Para provar que foi isso o que ocorreu na Porto Forte, Machado levantou R$ 250 mil junto a 97 investidores lesados para pagar uma auditoria nas contas da factoring e contratar o advogado Ricardo Salles, que deu início a uma investigação em setembro de 2012. O inquérito criminal 1071, que correu no 15º Distrito Policial de São Paulo, no Itaim Bibi, já terminou e está prestes a ser enviado ao Ministério Público. “Se o juiz considerar que Camargo cometeu os crimes, o processo seguirá para julgamento”, diz Marco Aurélio Flóridi Batista, delegado titular.

Caso contrário, ele será arquivado ou pode voltar para a delegacia para ser complementado. “Ele não pode ficar impune”, diz Salles. Como funcionava o esquema? Os investidores compravam ações preferenciais da factoring, que pagavam um dividendo fixo mensal de 190% do CDI, transformando as ações em uma aplicação de renda fixa. A rentabilidade alta e garantida atraiu uma multidão de interessados. Com passagem de quatro anos pelo departamento financeiro da multinacional Procter & Gamble, Guilherme Camargo seduziu jovens funcionários de bancos de investimentos como Merrill Lynch, Citibank e Goldman Sachs, que garantiram a propaganda boca a boca.

“Eles prometiam um retorno acima do que era encontrado no mercado, e o fato de conhecer os fundadores gerava confiança para investir”, diz a engenheira Daniela Fassal, que conheceu Camargo nos tempos de P&G e perdeu uma cifra não revelada no esquema.
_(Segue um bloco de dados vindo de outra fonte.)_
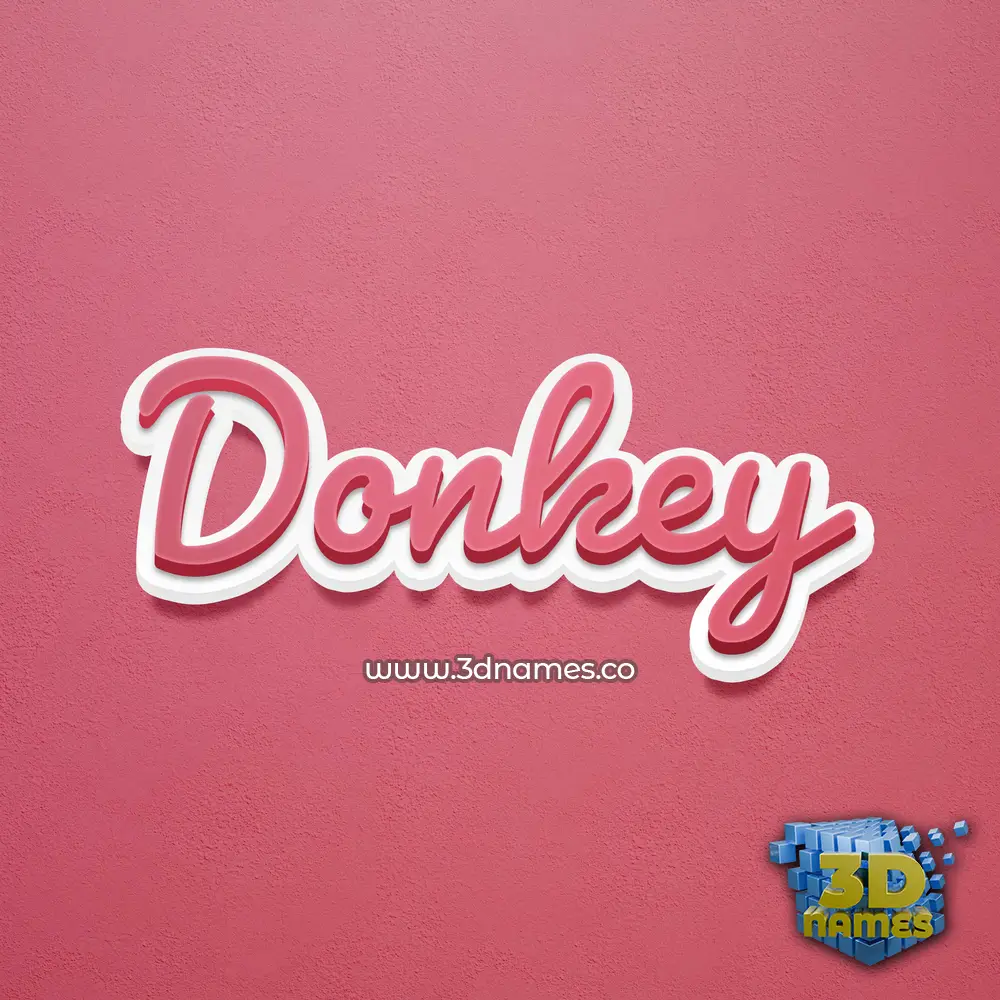 donkey in Red Scribble style - 3D name wallpaper donkey in Red Scribble style - 3D name wallpaper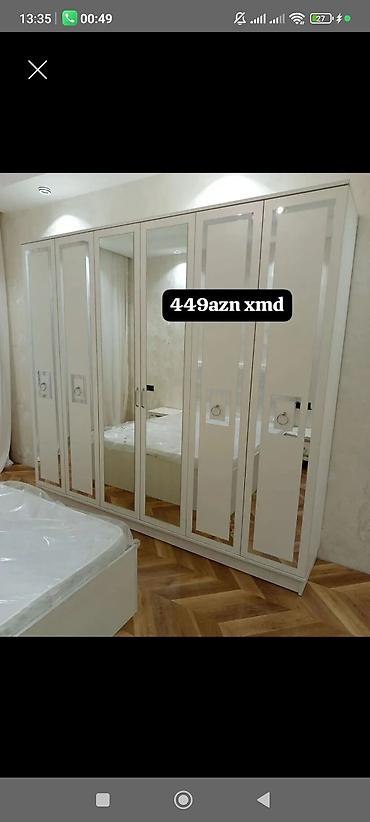 gencede qapi: Ağ rəngdə, 6 qapılı güzgülü qarderob dolabı. - Klassik-modern — 1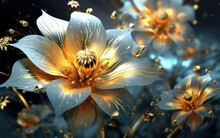 The Golden Shiny Flowers At The Black Background.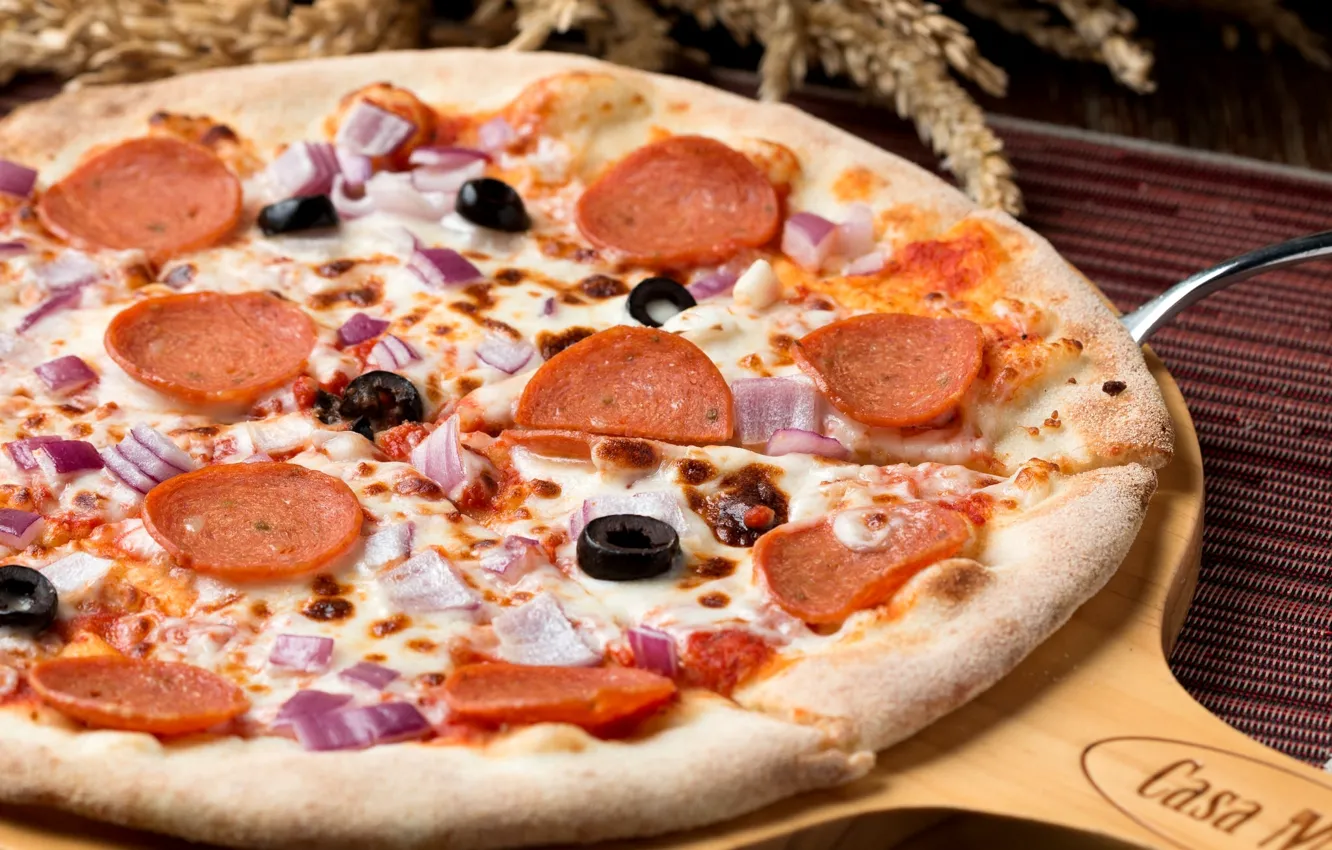 Photo wallpaper cheese, bow, pizza, olives, sausages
Ela diz que seu prejuízo teria sido muito maior se não tivesse resgatado parte do dinheiro, entre 2008 e 2009. O suposto esquema chegou às manchetes por ter envolvido José Roberto Ermírio de Moraes Filho, um dos herdeiros do Grupo Votorantim, que investiu R$ 1 milhão na Porto. Procurado, Moraes não retornou o contato. “Muitas pessoas do mercado financeiro foram convidadas a se tornarem sócias e terem um cargo bacana na Porto Forte, e só depois viram onde estavam metidas”, diz o analista de sistemas Rodrigo Denser, que investiu R$ 160 mil.
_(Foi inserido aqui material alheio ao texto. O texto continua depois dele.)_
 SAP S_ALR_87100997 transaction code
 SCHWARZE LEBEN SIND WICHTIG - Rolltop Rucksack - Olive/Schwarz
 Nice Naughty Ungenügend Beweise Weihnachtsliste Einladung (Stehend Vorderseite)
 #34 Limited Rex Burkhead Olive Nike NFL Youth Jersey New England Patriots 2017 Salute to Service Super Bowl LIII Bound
Ele percebeu que as coisas não iam bem quando ouviu de um amigo que estava difícil resgatar as aplicações e tentou, sem sucesso, reaver seu próprio investimento. Em 2011, quando a factoring foi desmontada, Denser participou de uma Assembleia Geral com os diretores e dezenas de investidores enfurecidos. “Foi horrível, a auditoria mostrou que Camargo tinha poder sobre a conta corrente e sobre a contabilidade”, diz. Mesmo dando início ao processo, Machado reconhece que os lesados têm sua parcela de responsabilidade. “O grande erro, meu e de outros investidores, foi ter baseado nossos aportes na confiança e não realizar uma diligência rigorosa”, diz Machado. Há vários indícios contra Camargo, que os investidores tentam provar para incluí-los na acusação.

Um deles é a suspeita de que empresas de parentes de Camargo, como a Santa Marina Agropecuária, tomaram empréstimos da factoring e jamais pagaram as dívidas. A Comissão de Valores Mobiliários (CVM) também apura se a Porto Forte cometeu irregularidades na gestão de um Fundo de Investimento em Direitos Creditórios (FIDC). Em 2011, o investidor Tiago Serrano acusou a empresa de contabilizar ativos inexistentes nos livros do fundo, o que lhe causou um prejuízo de R$ 90 mil. Ouvido pela CVM, Camargo afirmou que a Porto Forte apenas analisava a qualidade dos créditos que seriam adquiridos pelo fundo.

Consultada, a CVM informou que o processo continua em andamento. As atividades da Porto Forte foram encerradas em 2012, mas Camargo não desapareceu do mercado. Ele faz parte do conselho de administração da gestora de fundos de private equity RJCP Equity, listada na BM&FBovespa. Seu nome também surge como sócio da gestora Newbury Capital, que não é registrada na Anbima nem na CVM, e que localiza-se em um prédio residencial onde Camargo morou há um ano. O economista e a RJCP Equity foram procurados, mas não retornaram os contatos.